*** SUPPLIED INFORMATION ***

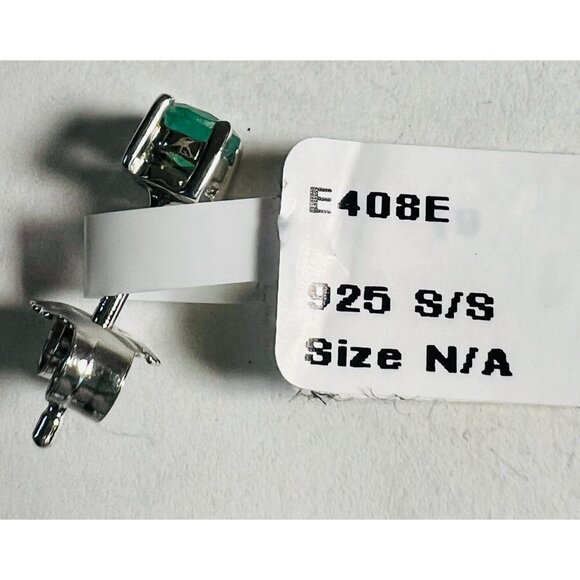 Natural Emerald Stud faceted Earrings E408E 4 prongs Oiled Silver Gift - Picture 5 of 6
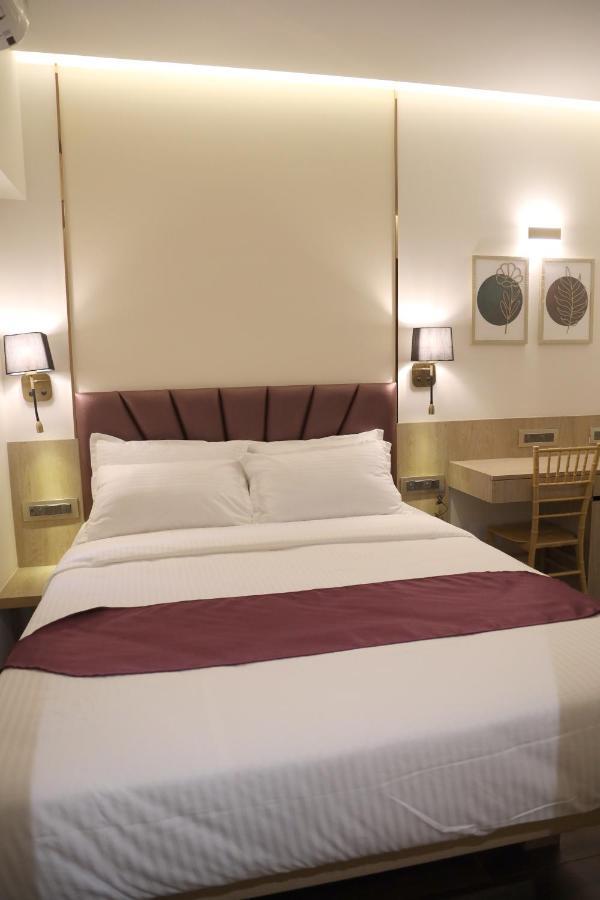 Vishal Hall Otel Mumbai Dış mekan fotoğraf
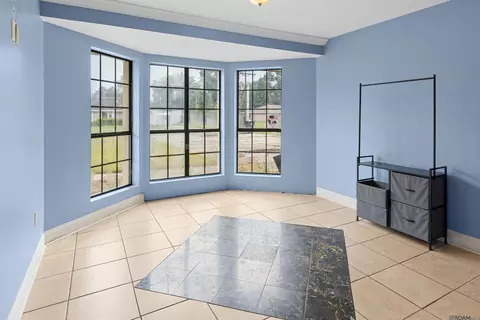 Living - 905 Sinbad St, Baker, LA 70714 photo 1 of 2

*** End of SUPPLIED INFORMATION ***

ABOUT THIS EXERCISE
Reproduce the data verbatim and omit each image.

ANSWER TO THE EXERCISE
 Natural Emerald Stud faceted Earrings E408E 4 prongs Oiled Silver Gift - Picture 5 of 6
 Vishal Hall Otel Mumbai Dış mekan fotoğraf
 Living - 905 Sinbad St, Baker, LA 70714 photo 1 of 2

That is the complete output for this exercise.